-- AVAILABLE RECORDS follows --

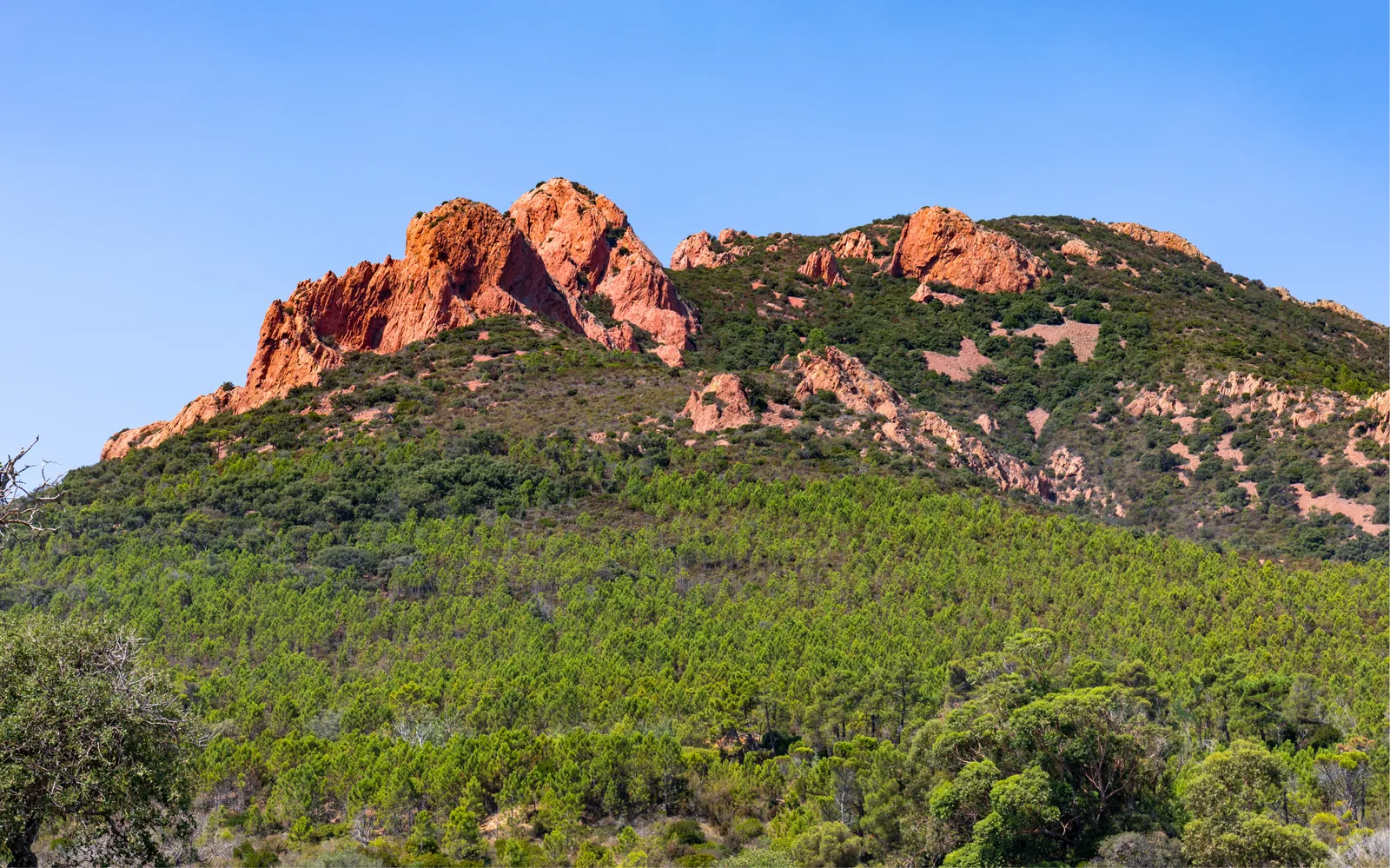 Route de Provence au pied de la Sainte-Baume, secteur de Saint-Maximin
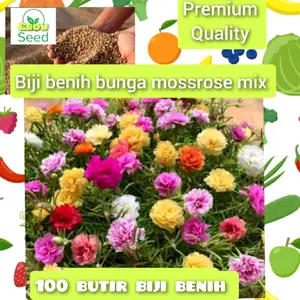 100 butir biji benih tanaman bunga mossrose mix warna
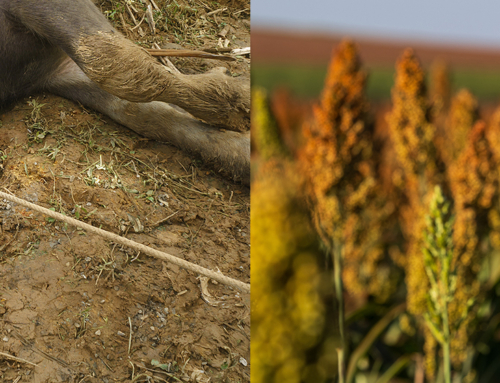 Avvelenamenti animali da piante, aggiornati i protocolli diagnostici IZSVe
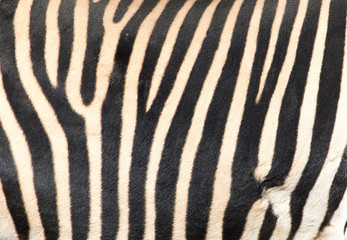 Fototapeta na wymiar stripes on the skin of a zebra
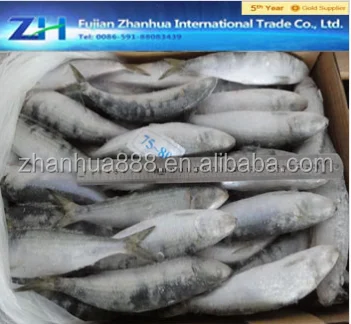 Замороженные сардины в качестве приманки на продажу Горячий сезон продаж цена замороженных сардины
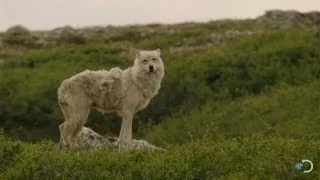 Gray Wolves Hunt Caribou | North America
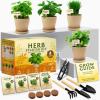 Starter Herb Grow Kit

-- AVAILABLE RECORDS concluded --

:: YOUR GOAL ::
Write the entries out again exactly as they appear, with the pictures omitted.

:: SOLUTION FOR THIS EXERCISE ::
 Route de Provence au pied de la Sainte-Baume, secteur de Saint-Maximin
 100 butir biji benih tanaman bunga mossrose mix warna
 Avvelenamenti animali da piante, aggiornati i protocolli diagnostici IZSVe
 Fototapeta na wymiar stripes on the skin of a zebra
 Замороженные сардины в качестве приманки на продажу Горячий сезон продаж цена замороженных сардины
 Gray Wolves Hunt Caribou | North America
 Starter Herb Grow Kit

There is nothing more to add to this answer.